Your goal: Below are some records. Return exactly the lines from the one containing "GSX-8R Suzuki JURI, la" through the one containing "10x Żarówka LED", both included, and only those.

Data to process:
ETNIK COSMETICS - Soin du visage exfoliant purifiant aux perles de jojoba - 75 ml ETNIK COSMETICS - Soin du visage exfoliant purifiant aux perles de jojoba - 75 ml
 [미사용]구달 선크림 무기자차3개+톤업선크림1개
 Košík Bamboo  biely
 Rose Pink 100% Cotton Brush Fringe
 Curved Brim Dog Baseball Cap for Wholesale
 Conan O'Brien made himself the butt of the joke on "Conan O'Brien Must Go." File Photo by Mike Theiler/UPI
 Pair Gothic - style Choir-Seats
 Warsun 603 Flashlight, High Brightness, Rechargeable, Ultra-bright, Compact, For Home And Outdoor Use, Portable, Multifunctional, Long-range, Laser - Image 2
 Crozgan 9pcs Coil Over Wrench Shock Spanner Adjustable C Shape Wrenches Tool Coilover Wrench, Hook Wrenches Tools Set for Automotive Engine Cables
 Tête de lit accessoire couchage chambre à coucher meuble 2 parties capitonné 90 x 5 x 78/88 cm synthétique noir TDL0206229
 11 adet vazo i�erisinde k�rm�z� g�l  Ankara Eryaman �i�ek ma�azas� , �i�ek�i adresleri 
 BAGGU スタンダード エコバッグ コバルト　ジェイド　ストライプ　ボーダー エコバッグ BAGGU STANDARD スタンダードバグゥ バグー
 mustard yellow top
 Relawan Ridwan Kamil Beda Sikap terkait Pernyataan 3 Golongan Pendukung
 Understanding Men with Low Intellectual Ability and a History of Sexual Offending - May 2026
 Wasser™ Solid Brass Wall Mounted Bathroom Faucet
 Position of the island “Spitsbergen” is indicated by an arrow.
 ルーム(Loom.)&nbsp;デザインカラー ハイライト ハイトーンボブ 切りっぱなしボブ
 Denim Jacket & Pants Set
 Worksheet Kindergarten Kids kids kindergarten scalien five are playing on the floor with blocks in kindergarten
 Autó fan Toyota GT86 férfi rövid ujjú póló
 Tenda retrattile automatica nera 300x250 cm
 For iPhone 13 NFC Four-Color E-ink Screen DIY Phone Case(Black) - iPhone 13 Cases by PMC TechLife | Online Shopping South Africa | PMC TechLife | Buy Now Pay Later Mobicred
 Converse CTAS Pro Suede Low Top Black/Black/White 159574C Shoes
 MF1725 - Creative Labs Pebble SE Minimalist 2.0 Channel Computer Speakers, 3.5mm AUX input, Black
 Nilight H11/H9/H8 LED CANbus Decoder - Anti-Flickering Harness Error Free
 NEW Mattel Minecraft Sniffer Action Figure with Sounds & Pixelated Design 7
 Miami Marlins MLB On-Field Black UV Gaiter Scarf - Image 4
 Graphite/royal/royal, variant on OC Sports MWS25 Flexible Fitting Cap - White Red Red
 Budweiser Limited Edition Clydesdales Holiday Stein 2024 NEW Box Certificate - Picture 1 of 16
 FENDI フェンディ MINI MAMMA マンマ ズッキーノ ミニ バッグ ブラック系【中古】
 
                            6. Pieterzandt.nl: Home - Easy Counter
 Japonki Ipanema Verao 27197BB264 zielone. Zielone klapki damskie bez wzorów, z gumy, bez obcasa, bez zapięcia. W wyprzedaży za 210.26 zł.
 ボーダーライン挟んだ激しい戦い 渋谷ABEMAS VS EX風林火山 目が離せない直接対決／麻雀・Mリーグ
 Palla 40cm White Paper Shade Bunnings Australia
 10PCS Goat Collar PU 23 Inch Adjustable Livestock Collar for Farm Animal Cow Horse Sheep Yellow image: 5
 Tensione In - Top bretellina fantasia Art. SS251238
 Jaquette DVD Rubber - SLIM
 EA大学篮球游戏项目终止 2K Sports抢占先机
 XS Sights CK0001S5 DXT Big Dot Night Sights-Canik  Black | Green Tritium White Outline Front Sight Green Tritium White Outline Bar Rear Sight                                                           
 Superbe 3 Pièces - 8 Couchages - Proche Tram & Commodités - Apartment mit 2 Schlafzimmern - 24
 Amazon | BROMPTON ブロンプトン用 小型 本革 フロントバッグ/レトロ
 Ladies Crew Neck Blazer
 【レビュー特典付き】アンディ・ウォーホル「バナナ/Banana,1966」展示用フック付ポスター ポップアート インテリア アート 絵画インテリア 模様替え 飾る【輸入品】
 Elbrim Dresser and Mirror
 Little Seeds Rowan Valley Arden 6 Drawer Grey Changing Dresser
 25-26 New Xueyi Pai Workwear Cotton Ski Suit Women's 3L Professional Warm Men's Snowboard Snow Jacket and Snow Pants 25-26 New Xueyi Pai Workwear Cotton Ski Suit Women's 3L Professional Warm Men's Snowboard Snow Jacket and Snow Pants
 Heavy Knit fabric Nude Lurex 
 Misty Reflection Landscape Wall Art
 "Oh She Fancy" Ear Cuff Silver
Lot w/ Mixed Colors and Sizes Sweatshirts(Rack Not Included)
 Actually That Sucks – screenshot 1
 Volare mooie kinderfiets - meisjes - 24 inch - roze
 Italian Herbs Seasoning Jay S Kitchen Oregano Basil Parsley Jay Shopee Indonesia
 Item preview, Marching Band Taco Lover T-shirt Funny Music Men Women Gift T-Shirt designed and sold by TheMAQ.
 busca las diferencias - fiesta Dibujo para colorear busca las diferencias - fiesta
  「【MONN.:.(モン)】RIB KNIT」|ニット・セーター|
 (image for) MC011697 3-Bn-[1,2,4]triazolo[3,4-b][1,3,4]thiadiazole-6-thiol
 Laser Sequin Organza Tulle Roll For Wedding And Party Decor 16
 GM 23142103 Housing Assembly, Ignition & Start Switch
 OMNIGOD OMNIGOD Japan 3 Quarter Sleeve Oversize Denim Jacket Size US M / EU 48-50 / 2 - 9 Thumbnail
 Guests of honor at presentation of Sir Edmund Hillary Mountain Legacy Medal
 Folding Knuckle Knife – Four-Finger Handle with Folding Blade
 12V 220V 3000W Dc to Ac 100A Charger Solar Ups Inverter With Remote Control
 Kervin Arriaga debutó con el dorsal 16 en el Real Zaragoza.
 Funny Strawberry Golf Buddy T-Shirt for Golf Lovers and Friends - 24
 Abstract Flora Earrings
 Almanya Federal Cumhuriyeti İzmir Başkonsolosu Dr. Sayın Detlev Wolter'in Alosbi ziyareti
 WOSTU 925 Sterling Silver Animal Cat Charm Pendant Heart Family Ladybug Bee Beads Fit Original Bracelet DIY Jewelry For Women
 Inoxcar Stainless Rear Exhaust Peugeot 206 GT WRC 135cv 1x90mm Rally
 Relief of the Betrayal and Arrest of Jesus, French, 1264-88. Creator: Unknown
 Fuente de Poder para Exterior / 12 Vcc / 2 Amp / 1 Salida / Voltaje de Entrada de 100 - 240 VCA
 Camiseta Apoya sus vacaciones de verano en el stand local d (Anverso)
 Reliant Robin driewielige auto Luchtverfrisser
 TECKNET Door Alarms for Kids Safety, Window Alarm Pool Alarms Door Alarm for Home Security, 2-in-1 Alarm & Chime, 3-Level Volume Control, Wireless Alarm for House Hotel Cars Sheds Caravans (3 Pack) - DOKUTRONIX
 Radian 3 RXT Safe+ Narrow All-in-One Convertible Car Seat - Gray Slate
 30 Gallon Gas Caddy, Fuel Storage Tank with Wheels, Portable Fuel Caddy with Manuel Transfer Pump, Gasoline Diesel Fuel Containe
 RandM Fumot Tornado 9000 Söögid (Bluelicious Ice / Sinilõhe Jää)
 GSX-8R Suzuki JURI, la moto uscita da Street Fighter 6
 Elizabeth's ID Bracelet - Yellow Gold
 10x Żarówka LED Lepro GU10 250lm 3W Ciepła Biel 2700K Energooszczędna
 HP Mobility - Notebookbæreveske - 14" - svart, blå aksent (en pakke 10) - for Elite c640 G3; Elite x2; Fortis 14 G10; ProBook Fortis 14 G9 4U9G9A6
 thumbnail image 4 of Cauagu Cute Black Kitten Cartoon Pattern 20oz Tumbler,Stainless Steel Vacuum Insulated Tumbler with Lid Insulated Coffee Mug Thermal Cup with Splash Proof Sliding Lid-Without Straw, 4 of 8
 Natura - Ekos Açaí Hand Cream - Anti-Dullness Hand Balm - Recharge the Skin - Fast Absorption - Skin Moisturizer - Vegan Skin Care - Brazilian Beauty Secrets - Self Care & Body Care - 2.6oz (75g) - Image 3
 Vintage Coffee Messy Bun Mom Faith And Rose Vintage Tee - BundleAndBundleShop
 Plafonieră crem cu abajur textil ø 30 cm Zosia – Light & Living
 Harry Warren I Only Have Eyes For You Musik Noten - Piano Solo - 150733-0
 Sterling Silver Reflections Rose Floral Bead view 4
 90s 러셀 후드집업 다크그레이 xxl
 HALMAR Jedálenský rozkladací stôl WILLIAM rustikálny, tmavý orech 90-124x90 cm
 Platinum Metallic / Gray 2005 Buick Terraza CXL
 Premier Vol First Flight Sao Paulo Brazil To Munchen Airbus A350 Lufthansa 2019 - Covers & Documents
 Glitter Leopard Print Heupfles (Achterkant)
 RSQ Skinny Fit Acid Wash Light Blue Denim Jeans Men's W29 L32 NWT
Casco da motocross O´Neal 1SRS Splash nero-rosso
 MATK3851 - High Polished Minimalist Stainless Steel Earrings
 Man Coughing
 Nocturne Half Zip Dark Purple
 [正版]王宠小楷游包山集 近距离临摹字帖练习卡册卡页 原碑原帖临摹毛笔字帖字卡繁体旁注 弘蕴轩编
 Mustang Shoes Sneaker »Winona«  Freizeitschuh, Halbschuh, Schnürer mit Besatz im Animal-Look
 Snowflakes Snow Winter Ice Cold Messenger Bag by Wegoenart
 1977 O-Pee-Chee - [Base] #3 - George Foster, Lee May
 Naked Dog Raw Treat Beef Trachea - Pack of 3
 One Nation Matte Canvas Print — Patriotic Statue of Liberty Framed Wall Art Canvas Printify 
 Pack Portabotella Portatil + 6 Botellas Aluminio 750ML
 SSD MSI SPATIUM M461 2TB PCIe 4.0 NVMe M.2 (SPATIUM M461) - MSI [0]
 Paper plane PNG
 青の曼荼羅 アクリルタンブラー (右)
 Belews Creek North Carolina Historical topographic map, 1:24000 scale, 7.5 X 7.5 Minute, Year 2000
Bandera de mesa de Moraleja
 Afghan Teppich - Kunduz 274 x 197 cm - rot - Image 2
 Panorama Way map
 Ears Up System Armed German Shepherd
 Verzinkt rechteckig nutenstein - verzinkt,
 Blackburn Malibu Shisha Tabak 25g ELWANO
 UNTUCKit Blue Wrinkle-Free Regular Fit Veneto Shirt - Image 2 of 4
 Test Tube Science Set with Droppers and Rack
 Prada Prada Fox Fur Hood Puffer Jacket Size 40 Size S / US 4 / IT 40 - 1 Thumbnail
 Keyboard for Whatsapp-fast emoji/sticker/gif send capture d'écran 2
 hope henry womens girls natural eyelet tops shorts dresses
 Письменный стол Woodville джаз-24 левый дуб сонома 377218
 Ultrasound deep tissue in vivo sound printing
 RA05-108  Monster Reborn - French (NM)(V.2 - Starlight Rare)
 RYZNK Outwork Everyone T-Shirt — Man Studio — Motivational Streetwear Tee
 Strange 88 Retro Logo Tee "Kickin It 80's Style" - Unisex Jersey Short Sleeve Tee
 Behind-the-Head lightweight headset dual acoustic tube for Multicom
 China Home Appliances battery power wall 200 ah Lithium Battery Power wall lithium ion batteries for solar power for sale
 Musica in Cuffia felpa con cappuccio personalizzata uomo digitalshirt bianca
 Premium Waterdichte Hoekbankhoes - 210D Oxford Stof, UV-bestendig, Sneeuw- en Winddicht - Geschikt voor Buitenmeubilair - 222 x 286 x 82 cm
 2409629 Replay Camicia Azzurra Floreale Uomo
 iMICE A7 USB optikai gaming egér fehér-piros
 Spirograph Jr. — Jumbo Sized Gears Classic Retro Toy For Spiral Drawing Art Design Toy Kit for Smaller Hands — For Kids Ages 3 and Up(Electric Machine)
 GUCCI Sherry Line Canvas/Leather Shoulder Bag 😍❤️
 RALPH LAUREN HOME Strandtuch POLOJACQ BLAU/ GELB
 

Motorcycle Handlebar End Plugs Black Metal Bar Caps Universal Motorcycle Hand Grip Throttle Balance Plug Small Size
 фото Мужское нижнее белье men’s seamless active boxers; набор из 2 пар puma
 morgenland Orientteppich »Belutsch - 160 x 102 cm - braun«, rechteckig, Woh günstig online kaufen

Your response:
 GSX-8R Suzuki JURI, la moto uscita da Street Fighter 6
 Elizabeth's ID Bracelet - Yellow Gold
 10x Żarówka LED Lepro GU10 250lm 3W Ciepła Biel 2700K Energooszczędna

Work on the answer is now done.